Dono de duas revendedoras de gás na Zona Norte há 14 anos, Celso Miguez, de 54 anos, verificou queda de 30% nas vendas este ano. Segundo ele, os consumidores pedem para pagar no cartão de crédito ou parcelar o valor do botijão.
— A venda aumentou muito no cartão de crédito. As pessoas pedem, mas não parcelo. O pagamento no dinheiro é mais barato — diz Miguez.
Desde o início do mês, parte das famílias que recebem o Auxílio Brasil — no valor de R$ 600 deste mês até o fim do ano — começou a receber o vale-gás em valor integral.

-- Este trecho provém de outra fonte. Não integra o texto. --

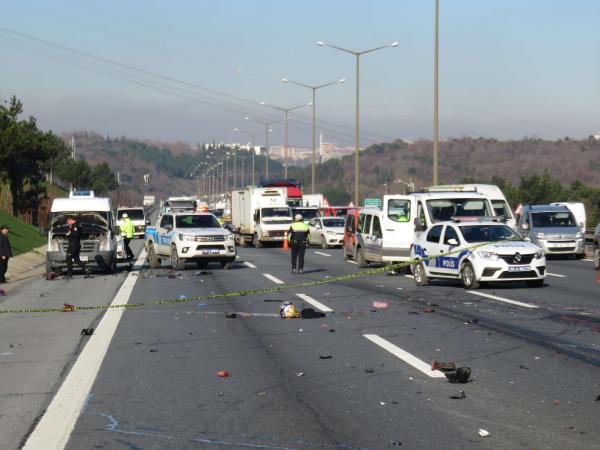 Ümraniye TEM Otoyolu'nda feci kaza kamerada: 2 ölü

Ao todo, 5,6 milhões de lares do país receberão o vale de R$ 110 a cada dois meses para a compra do botijão de 13kg.
Uma fonte do setor aposta que, nos próximos dias, a Petrobras deve anunciar redução no preço do gás, que poderia variar de 5% a 12%. Ela seria ancorada em uma diferença de mais de 10% em relação ao valor no mercado internacional nos últimos dias.
Sem trégua no cenário
Apesar da expectativa de alívio temporário, o cenário para o setor é de turbulência, diz João Carlos Mello, presidente da Thymos Energia:
— No mercado internacional, houve aquecimento da demanda, fazendo o preço bater nas alturas em consequência da guerra na Ucrânia. No Brasil, a redução do ICMS não aconteceu no gás, como na gasolina, porque a tributação não é no consumo, mas na fonte.
Em retaliação aos bloqueios impostos por países ocidentais à Rússia após a invasão da Ucrânia, o presidente russo, Vladimir Putin, restringiu o fornecimento de gás à Europa, o que fez a demanda disparar.
— Gás (natural) não é commodity plena. Ainda não é abundante o suficiente, com isso está, no momento, muito mais pressionado que o petróleo. Na Europa, está quase oito vezes mais caro que nos EUA, há uma disputa muito acirrada — diz Décio Oddone, ex-diretor geral da Agência Nacional do Petróleo (ANP).